Hayek met ainsi en évidence qu’il existe deux types de connaissances. Le premier type de connaissances, concerne la relation marchande proprement dite. Elle a trait aux conditions d’échange et permet la prise de décision individuelle. Elle prend en compte la connaissance des alternatives existantes pour l’individu dans une situation donnée.

Le second type de connaissances est dit « de circonstances particulières de temps et de lieu » (1945b, p. 121). Elle est le résultat de l’expérience sociale et marchande accumulée par l’individu au travers de son expérience de la vie sociale et productive. Hayek (1937b, p. 131) désigne ce type de connaissances comme de « l’habileté » [skills].

Il faut encore distinguer des connaissances « circonstancielles de temps et de lieu », les « connaissances scientifiques » (1945b, p. 121). Les premières sont « intuitives » ou « innées » (1973, p. 94) 286 et ne peuvent être transmises au travers d’un processus d’apprentissage délibéré à la différence des secondes. Il s’agit de règles ou pratiques qui constituent des connaissances qui ne peuvent être rassemblées par un individu ou un groupe. Toutefois, ainsi que le note Hayek (1973b, p. 93), « l’individu acquiert « par analogie » la capacité d’agir ». Autrement dit, ces connaissances peuvent être acquises au travers d’un processus d’imitation. Celui-ci constitue un premier niveau de diffusion de la connaissance. Il apparaît lorsqu’un individu observant le gain obtenu par un autre individu décide d’imiter celui-ci. Pour ce faire, l’imitateur se lance dans un processus d’essais et d’erreurs fondé sur l’observation.

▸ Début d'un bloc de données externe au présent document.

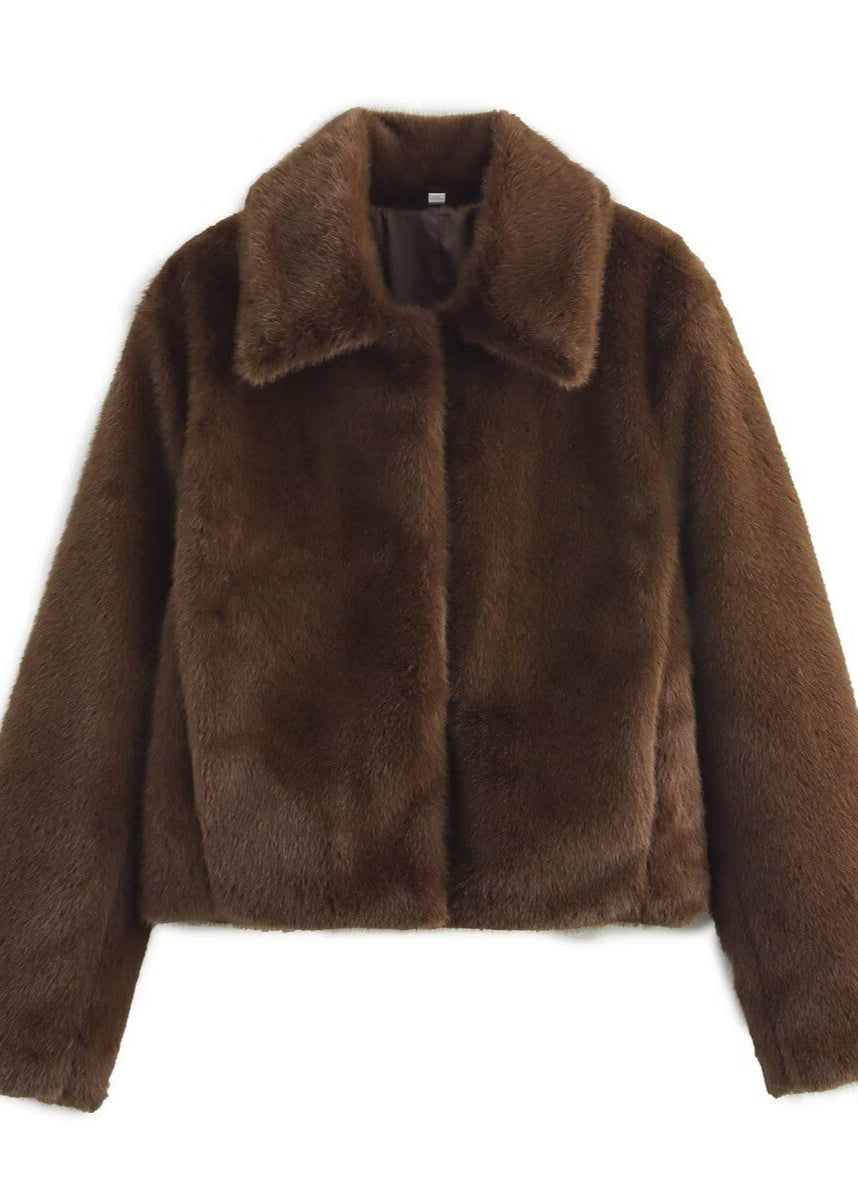 Plush Faux Fur Short Coat – Dark Brown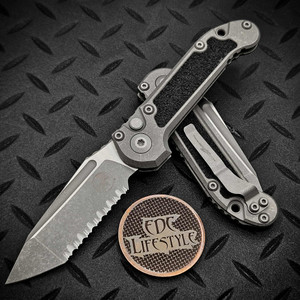 Microtech LUDT Titanium Textured Inlay T/E Full Serrated Apocalyptic 1136-12APMS2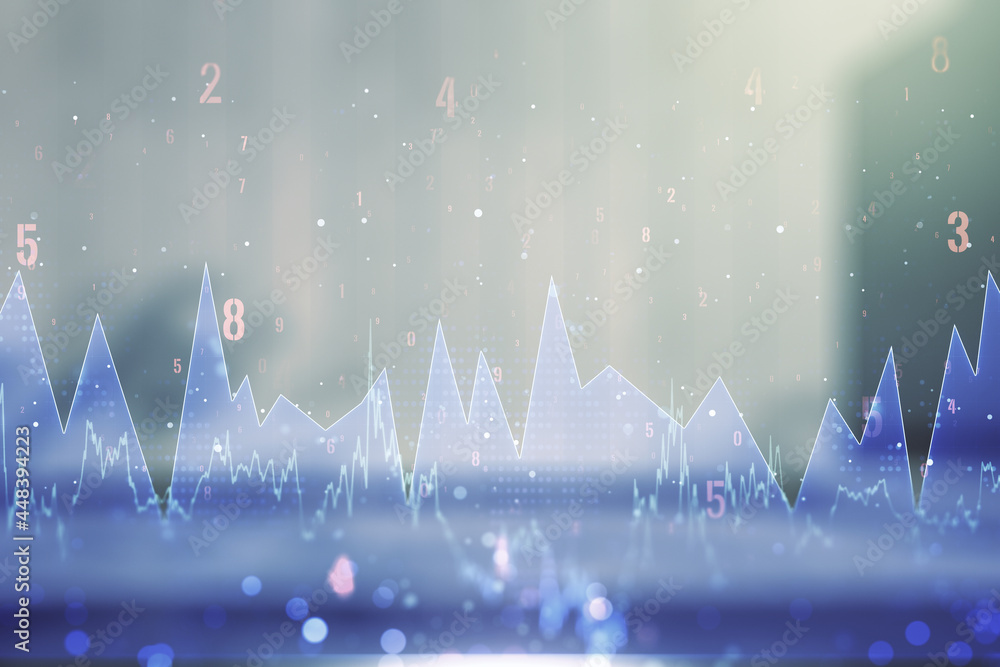 Poster multi exposure of stats data illustration on blurry modern office building background, computing and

Dès lors, pour Hayek (1945b, p. 126), le ‘« problème économique central est celui de l’adaptation rapide aux changements des circonstances particulières de temps et de lieu »’. Or, ces connaissances étant dispersées entre les différents individus, les individus sont amenés à prendre des décisions alors même qu’ils n’ont pas toute la connaissance nécessaire à une prise de décision optimale telle que la définit la théorie walraso-paretienne. En ce sens, Hayek (1945b, pp. 132-134) reproche aux « positivistes » 287 , parmi lesquels il classe les tenants de l’approche socialiste et de l’équilibre général, de considérer que les individus agissent en connaissant tous les faits pertinents.

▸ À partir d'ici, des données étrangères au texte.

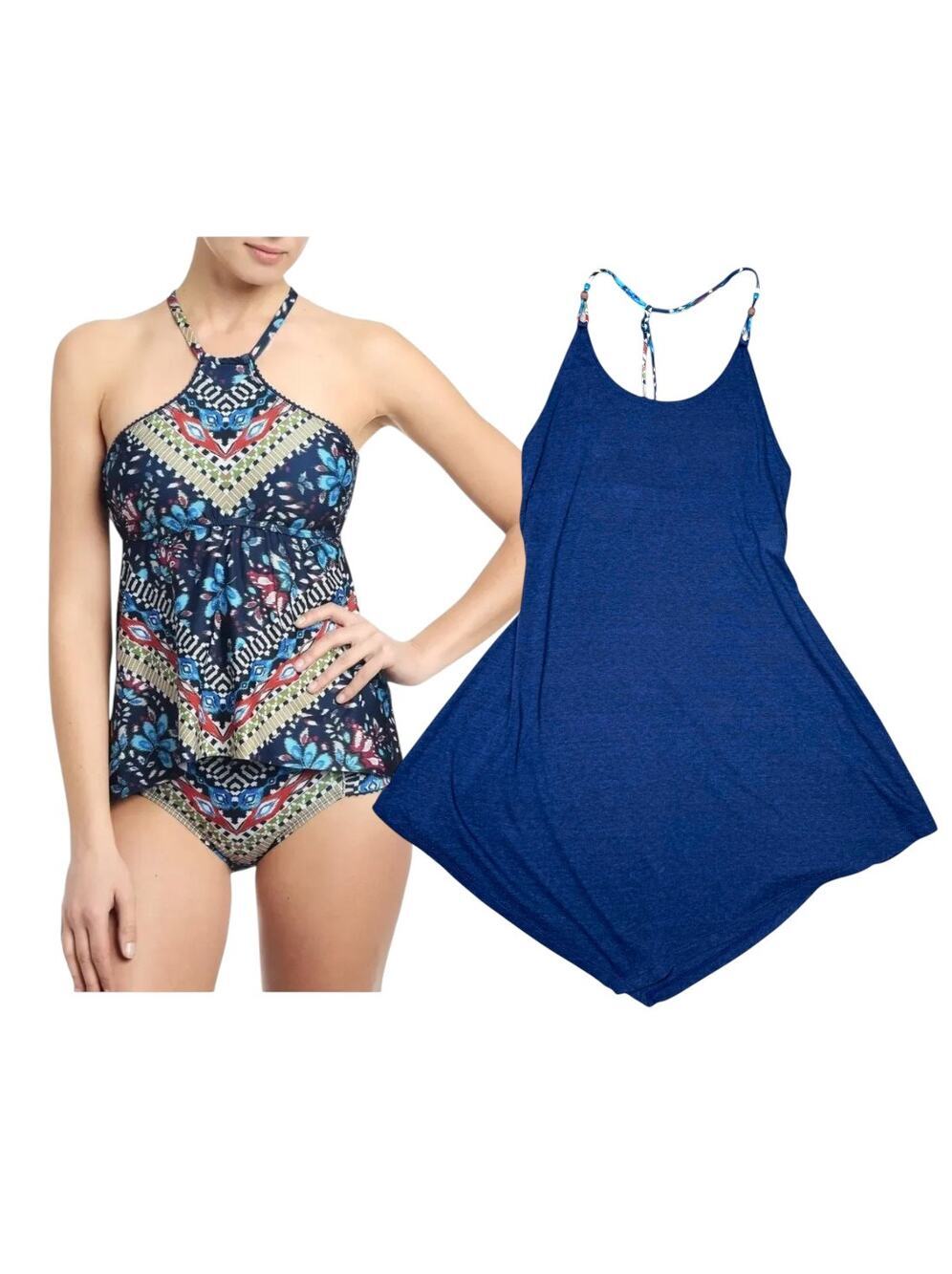 Lucky Brand y2k 00s Halter Tankini Bikini Swim Suit + Cover Up Dress Small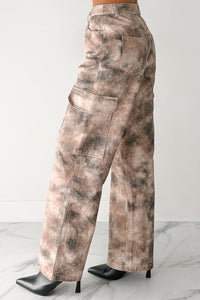 Edgy Attitude Smokey Print Cargo Jeans (Taupe Grey) - NanaMacs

Au contraire, pour lui, la tâche de choisir est une décision pratique, toujours fondée sur un savoir incomplet. Certains individus connaissent mieux que d’autres les actions à mener, mais ils ne disposent pas d’un savoir « scientifique » pouvant se substituer au jugement, au savoir pratique et individuel. Ceci permet à Hayek d’affirmer que les savoirs scientifiques sont insuffisants et, en particulier, qu’ils ne permettent pas de réaliser des prévisions certaines. Hayek (1976b, p. 17) en affirme d’ailleurs que ‘« c’est une erreur de croire que la science est une méthode pour obtenir la certitude de faits individuels et que le progrès de ses techniques nous permettra d’identifier et de manipuler tous les événements particuliers à notre guise »’.

L’homme ne dispose ni des informations 288 , ni des outils d’interprétation qui lui permettraient de connaître à l’avance les actions des autres individus, ni même le produit de l’interaction de ses actions avec celles des autres. La seule connaissance pertinente pour l’action est donc celle des ‘« circonstances particulières de temps et de lieu »’, qui permet de prendre en compte le changement. Finalement, la connaissance est dispersée 289 entre les différents individus.

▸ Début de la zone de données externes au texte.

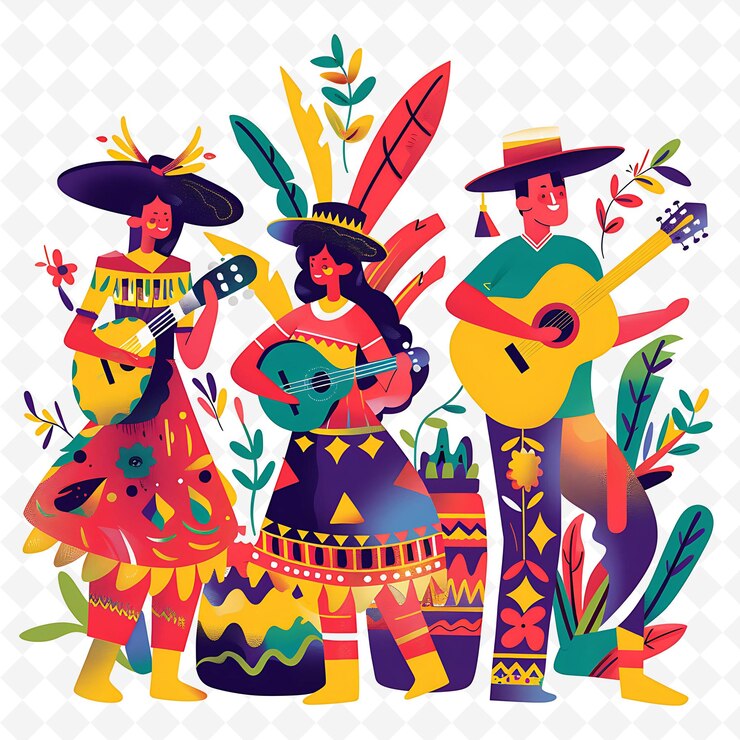 PSD um grupo de pessoas com chapéus e sombrero tocando guitarra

Le problème qui devrait donc nous intéresser en tant qu’économistes est celui ‘« de la nature et de la quantité de connaissance que les différents individus doivent posséder afin que l’on soit capable de parler d’équilibre »’ ainsi que l’écrit Hayek (1937b, p. 130). Autrement dit, le principal problème de l’économie n’est pas la recherche de la meilleure utilisation possible des facteurs de production, mais « le problème de la meilleure utilisation possible de l’information » (1945b, pp. 119-120).

Notes
286.

Certains comme S. Ioannides (1992, p. 36) assimilent celles-ci à des « connaissances tacites ». Cette idée qu’il existe une connaissance plus large que celle qui peut être formulée et transmise délibérément par apprentissage a été reprise par R. Nelson et S. Winter (1982). Ces auteurs montrent qu’il existe des compétences fondées sur des connaissances tacites c’est-à-dire des connaissances qui ne peuvent être verbalisées. R. Nelson et S. Winter (1982, pp. 360-361) font ainsi directement référence à l’apport d’Hayek (1945). Toutefois, leur définition des compétences repose davantage sur les travaux de M. Polanyi (1962) concernant la connaissance tacite. M. Polanyi (1958 et 1966) est en effet celui qui a développé et popularisé la notion de connaissance tacite. Se fondant sur une interprétation personnelle de la théorie de la connaissance hayekienne, il produit ainsi sa propre « théorie « méta-scientifique » (…) mettant en évidence les liens entre la circulation de l’information et la constitution des organisations » comme le note P. Némo dans l’introduction qu’il fit à l’édition française de M. Polanyi (1951). Plus récemment, les travaux de N. Foss (1994 ;1997b ; 2001a et b), N. Foss et T. Knudsen (1999)), Ioannides (1998), R. Langlois (1986 et 1993), F. Sautet (2000) ou S. Longuet (2001) s’appuient sur la théorie de la connaissance hayekienne pour formuler une théorie « autrichienne » de la firme.

287.

Il est remarquable à ce propos qu’Hayek (1945b, p. 133) n’hésite pas à émettre le même jugement à l’égard de L. Trotsky, O. Lange, A. Lerner et Schumpeter (voir à ce propos la critique qu’il adresse à Schumpeter). L’erreur de ces auteurs réside, pour Hayek (1976b, p. 16), dans le fait qu’ils ont « tendance à fonder leur raisonnement sur ce qui a été appelé l’illusion synoptique, c’est-à-dire sur cette fiction que tous les faits à prendre en considération sont présents à l’esprit d’un même individu et qu’il est possible d’édifier, à partir de cette connaissance des données réelles de détail, un ordre social désirable ».

288.

Le terme d’« information » est généralement employé au lieu du terme « connaissance » dans les traductions bien que le terme qu’ils traduisent soit le même : il s’agit de « knowledge ». Nous pouvons observer que le terme « information » est employé lorsque les auteurs renvoient à la connaissance nécessaire à l’individu au cours du processus de marché. Il renvoie donc ainsi spécifiquement à la connaissance particulière de temps et de lieu. Le terme de connaissance est quant à lui généralement employé pour désigner l’ensemble des connaissances. Il existe cependant des exceptions à cette distinction. Nous emploierons quant à nous par la suite les termes « information » et « connaissance » selon la distinction précédente.

289.

Cette notion de dispersion de la connaissance est, selon Hayek (1937b, p. 131), parallèle à celle de division du travail définie par A. Smith : « il y a ici un problème de division de la connaissance, qui est au moins aussi important et assez semblable à celui de la division du travail ».